Neural networks often learn to make predictions that rely on social attributes like gender and race, which causes the model to be social biased. While previous work tackles this issue with training an unbiased model, but a stronger and common requirement in practice is a more challenging setting where model weights is unchangeable. In this paper, we propose a post-processing debiasing framework, and explore new ideas for achieving algorithm fairness. Our observations show that the biased model learn the bias feature and make biased decisions based on it. We propose an instance debiasing method based on adversarial attacks to remove the information in the test sample that will activate the bias feature of the model, and require that the features of the new instance deactivate model's biased decision-making relus, so that the model only makes predictions based on the target feature. We demonstrate the effectiveness of this method in laboratory scenarios and real applications.

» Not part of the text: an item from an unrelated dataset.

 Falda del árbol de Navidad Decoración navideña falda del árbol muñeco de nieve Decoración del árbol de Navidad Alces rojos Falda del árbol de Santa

We summarize our main contributions as follows:
The observation is "Not all results are based on task-irrelevant features in the input."" Instead, when the bias attribute of the test sample is difficult to recognition, the unfair target model will output fair results. Therefore, We obtain a direct idea: We can hide the bias information in the sample to make the model output from unfair to fair. Based on our above research, we consider that we can use adversarial attack to manipulate image with the target of removing bias information.
When we use adversarial attack achieve instance debiasing, the debiasing performance is not enough and far from our debiasing goal. But we only use the Natural Unbiased Instance to test, the model bias is much lower than the model bias obtained by using the entire test set and achieve excellent debiasing performance.

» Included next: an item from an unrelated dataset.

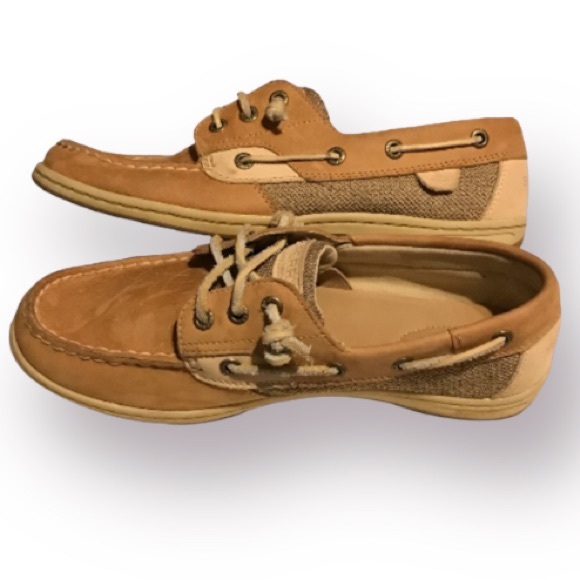 Women’s SPERRY Angelfish Linen Oat Boat Shoe. - Picture 5 of 10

Based on PCA manifold space, we can observe the relation between adversarial attack direction and manifold feature direction. We use the mean Cosine Similarity to measured, and observed that the mean Cosine Similarity between “Loss Gradient of I ” and “Loss Gradient of M” is 0.36. This low Cosine Similarity means The direction of adversarial attack isn’t feature direction,and this leads to underperform debiaisng.

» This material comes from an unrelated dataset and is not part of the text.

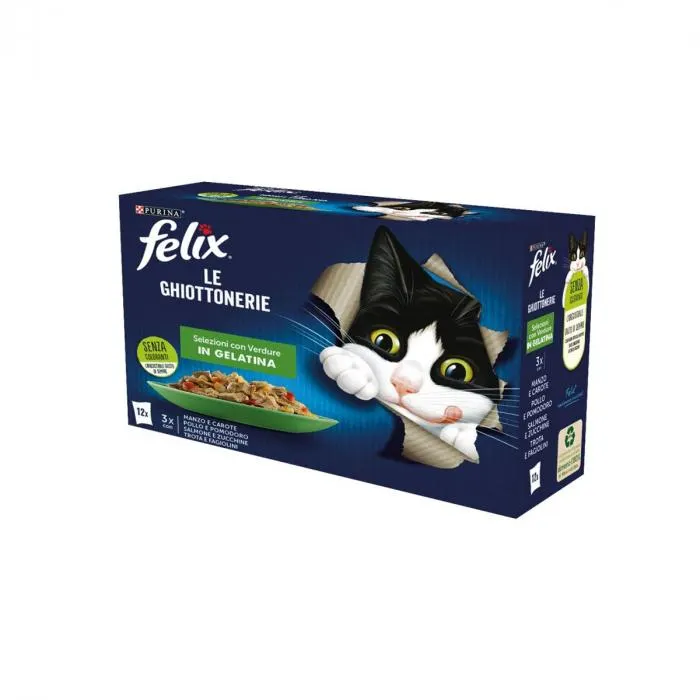 Purina felix le ghiottonerie bocconcini per gatti multipack 12 x 85 gr selezione verdura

Real-world application does not allow to modify model for debiasing, the only available debiasing method is the post-processing. We compare the performance of our algorithm with three typical post-processing debiasing algorithms. In laboratory scenarios, the debiasing algorithms can access to the data preparation and training stage to retrain model. To evaluate the effectiveness, we consider several typical pre and in-processing debiasing solutions. We evaluated the proposed AEDA solution on both simulated and real-world bias scenarios, all experimental results in evaluation support that Post-fairness successfully obtained the unbiased result in the biased model without modifying the original model.